The line containing "Hand-painted Hug Mug" and all lines following it in the listing below are to be reproduced exactly, with no other lines.

* _Information shown_:
════════

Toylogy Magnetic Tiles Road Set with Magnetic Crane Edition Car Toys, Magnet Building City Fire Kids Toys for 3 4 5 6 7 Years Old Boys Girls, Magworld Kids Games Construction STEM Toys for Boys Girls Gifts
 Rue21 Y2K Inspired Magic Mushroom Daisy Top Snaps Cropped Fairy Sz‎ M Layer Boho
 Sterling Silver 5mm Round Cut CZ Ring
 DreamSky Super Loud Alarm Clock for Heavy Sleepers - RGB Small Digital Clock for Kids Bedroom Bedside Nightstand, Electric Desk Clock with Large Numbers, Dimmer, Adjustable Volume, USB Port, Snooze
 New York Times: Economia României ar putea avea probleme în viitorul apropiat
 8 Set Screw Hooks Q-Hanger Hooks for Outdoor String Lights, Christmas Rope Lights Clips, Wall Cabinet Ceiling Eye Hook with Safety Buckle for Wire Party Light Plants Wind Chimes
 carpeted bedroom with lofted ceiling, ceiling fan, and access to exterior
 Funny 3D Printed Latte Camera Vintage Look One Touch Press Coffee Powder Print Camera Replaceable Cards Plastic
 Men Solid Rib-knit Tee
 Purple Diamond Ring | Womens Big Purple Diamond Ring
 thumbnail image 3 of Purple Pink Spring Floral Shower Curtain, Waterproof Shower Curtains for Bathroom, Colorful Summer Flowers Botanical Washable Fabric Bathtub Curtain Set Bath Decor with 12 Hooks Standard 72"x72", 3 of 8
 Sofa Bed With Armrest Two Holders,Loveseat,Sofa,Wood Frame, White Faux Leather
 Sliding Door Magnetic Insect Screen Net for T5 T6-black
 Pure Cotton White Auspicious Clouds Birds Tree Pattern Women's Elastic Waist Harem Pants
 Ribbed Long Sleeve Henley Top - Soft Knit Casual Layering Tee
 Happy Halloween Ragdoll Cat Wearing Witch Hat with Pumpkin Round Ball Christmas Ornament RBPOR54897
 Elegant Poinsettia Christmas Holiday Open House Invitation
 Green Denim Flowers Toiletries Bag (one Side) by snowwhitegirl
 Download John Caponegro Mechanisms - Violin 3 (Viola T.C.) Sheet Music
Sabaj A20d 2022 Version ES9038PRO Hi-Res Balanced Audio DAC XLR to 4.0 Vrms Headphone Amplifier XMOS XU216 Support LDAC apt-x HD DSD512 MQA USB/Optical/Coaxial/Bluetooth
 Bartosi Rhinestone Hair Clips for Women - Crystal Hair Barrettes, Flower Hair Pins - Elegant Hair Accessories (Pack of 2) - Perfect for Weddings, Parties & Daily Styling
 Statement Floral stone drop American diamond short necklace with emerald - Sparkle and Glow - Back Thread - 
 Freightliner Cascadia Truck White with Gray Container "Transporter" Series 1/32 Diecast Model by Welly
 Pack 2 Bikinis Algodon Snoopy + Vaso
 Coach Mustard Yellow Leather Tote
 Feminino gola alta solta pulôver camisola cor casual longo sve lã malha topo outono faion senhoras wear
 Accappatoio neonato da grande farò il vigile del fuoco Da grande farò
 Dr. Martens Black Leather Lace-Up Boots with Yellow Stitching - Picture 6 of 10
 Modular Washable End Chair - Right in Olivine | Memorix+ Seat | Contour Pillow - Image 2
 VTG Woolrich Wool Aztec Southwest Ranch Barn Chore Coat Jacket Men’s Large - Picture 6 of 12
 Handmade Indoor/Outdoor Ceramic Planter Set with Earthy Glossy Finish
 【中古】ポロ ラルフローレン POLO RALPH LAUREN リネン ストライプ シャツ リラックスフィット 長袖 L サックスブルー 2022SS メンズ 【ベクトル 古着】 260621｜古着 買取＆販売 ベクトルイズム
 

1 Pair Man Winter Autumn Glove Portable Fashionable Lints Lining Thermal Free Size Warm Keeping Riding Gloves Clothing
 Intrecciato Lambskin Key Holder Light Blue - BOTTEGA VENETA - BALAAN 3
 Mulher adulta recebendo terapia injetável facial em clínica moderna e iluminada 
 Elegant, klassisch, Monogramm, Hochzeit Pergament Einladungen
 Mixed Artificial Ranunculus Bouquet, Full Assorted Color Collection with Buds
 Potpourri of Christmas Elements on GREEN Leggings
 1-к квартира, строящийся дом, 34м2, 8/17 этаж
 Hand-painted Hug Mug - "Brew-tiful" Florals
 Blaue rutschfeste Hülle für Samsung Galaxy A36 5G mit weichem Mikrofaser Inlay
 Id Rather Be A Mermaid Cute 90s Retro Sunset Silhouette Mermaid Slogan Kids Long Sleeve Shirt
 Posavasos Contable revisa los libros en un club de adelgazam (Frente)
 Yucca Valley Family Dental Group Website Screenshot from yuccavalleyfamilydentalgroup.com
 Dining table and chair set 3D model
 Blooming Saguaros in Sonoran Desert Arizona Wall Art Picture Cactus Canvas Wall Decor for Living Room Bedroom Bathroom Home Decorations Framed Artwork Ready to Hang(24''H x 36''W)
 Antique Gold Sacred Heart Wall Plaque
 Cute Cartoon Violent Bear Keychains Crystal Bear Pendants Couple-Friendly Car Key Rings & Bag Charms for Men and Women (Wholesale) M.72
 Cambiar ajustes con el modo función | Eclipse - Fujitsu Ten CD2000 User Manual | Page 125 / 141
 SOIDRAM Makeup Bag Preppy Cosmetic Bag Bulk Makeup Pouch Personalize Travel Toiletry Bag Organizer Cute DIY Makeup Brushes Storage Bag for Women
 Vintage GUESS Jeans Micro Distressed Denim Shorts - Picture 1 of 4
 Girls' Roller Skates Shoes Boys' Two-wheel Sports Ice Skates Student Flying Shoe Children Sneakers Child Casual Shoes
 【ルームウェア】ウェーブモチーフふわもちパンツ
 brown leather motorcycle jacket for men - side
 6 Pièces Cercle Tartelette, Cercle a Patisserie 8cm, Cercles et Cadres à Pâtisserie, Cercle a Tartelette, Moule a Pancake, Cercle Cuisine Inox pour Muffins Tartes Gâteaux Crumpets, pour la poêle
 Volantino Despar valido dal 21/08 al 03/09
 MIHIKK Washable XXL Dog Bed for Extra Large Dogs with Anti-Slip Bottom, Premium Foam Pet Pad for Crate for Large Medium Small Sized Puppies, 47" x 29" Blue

════════

* _Solved problem_:
 Hand-painted Hug Mug - "Brew-tiful" Florals
 Blaue rutschfeste Hülle für Samsung Galaxy A36 5G mit weichem Mikrofaser Inlay
 Id Rather Be A Mermaid Cute 90s Retro Sunset Silhouette Mermaid Slogan Kids Long Sleeve Shirt
 Posavasos Contable revisa los libros en un club de adelgazam (Frente)
 Yucca Valley Family Dental Group Website Screenshot from yuccavalleyfamilydentalgroup.com
 Dining table and chair set 3D model
 Blooming Saguaros in Sonoran Desert Arizona Wall Art Picture Cactus Canvas Wall Decor for Living Room Bedroom Bathroom Home Decorations Framed Artwork Ready to Hang(24''H x 36''W)
 Antique Gold Sacred Heart Wall Plaque
 Cute Cartoon Violent Bear Keychains Crystal Bear Pendants Couple-Friendly Car Key Rings & Bag Charms for Men and Women (Wholesale) M.72
 Cambiar ajustes con el modo función | Eclipse - Fujitsu Ten CD2000 User Manual | Page 125 / 141
 SOIDRAM Makeup Bag Preppy Cosmetic Bag Bulk Makeup Pouch Personalize Travel Toiletry Bag Organizer Cute DIY Makeup Brushes Storage Bag for Women
 Vintage GUESS Jeans Micro Distressed Denim Shorts - Picture 1 of 4
 Girls' Roller Skates Shoes Boys' Two-wheel Sports Ice Skates Student Flying Shoe Children Sneakers Child Casual Shoes
 【ルームウェア】ウェーブモチーフふわもちパンツ
 brown leather motorcycle jacket for men - side
 6 Pièces Cercle Tartelette, Cercle a Patisserie 8cm, Cercles et Cadres à Pâtisserie, Cercle a Tartelette, Moule a Pancake, Cercle Cuisine Inox pour Muffins Tartes Gâteaux Crumpets, pour la poêle
 Volantino Despar valido dal 21/08 al 03/09
 MIHIKK Washable XXL Dog Bed for Extra Large Dogs with Anti-Slip Bottom, Premium Foam Pet Pad for Crate for Large Medium Small Sized Puppies, 47" x 29" Blue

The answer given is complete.